Oleh karena itu, tim peneliti dari University of Washington School of Medicine melakukan sebuah studi untuk mencari tahu tanda yang lebih bisa diandalkan dalam memberikan petunjuk penting bagi pasien Covid-19 dan keluarga. Misalnya, tanda yang dapat menunjukkan kemungkinan pasien akan mengalami perburukan atau tanda yang mengindikasikan bahwa pasien Covid-19 yang sedang isolasi mandiri di rumah harus dibawa ke rumah sakit.

Dalam studi ini, tim peneliti melibatkan 1.095 pasien Covid-19 berusia 18 tahun atau lebih tua yang dirawat di UW Medicine Hospitals dan Rush University Medical Center. Studi ini berlangsung sejak 1 Maret hingga 8 Juni 2020.

Baca Juga

Di antara para partisipan tersebut, ada cukup banyak pasien yang mengalami hipoksemia atau saturasi oksigen darah yang rendah, dengan angka 91 persen ke bawah.
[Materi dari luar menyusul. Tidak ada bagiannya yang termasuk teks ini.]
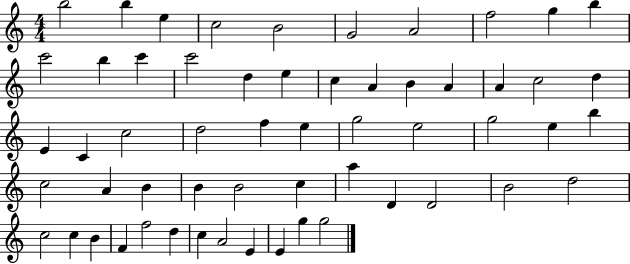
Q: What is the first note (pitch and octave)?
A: B5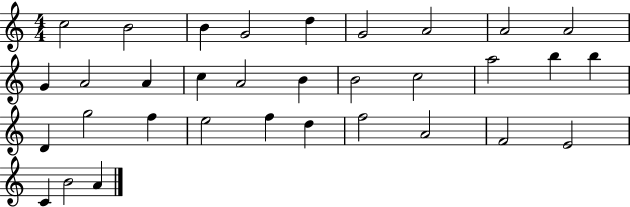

Tak sedikit pula pasien yang mengalami takipnea atau bernapas cepat dengan tolak ukur 23 kali napas per menit. Meski begitu, hanya sedikit dari para partisipan yang merasa sesak napas atau mengalami batuk.

Ada 197 partisipan yang meninggal akibat Covid-19 selama studi ini berlangsung. Setelah menganalisis data yang dimiliki, tim peneliti mendapati bahwa pasien Covid-19 yang mengalami hipoksemia memiliki risiko kematian 1,8-4,0 kali lebih besar dibandingkan pasien Covid-19 tanpa hipoksemia, tergantung kadar oksigen darah pasien.

Selain itu, pasien Covid-19 dengan takipnea memiliki risiko mortalitas 1,9-3,2 kali lebih besar dibandingkan pasien dengan laju pernapasan normal. Hampir semua pasien dengan hipoksemia dan takipnea membutuhkan oksigen tambahan.

"Kami memberikan oksigen tambahan kepada pasien untuk menjaga saturasi oksigen darah pada 92-96 persen," ujar Dr Sotoodehnia.

Berdasarkan temuan ini, Dr Sotoodehnia merekomendasikan orang-orang yang terkonfirmasi positif Covid-19 untuk memiliki atau meminjam alat pulse oximeter. Terlebih bila pasien berisiko tinggi terhadap gejala berat karena memiliki komorbid seperti obesitas. Alat pulse oximeter bermanfaat untuk memantau kadar oksigen darah pasien Covid-19.

Cara lain yang lebih mudah untuk pemantauan mandiri di rumah adalah dengan mengukur laju pernapasan. Hitung berapa kali napas dilakukan dalam satu menit. Teman atau keluarga dapat memantau jumlah napas pasien selama satu menit ketika pasien fokus dengan aktivitas bernapas mereka.

"Bila Anda (pasien) mencapai 23 napas per menit, Anda perlu mengontak dokter Anda," jawab Dr Sotoodehnia.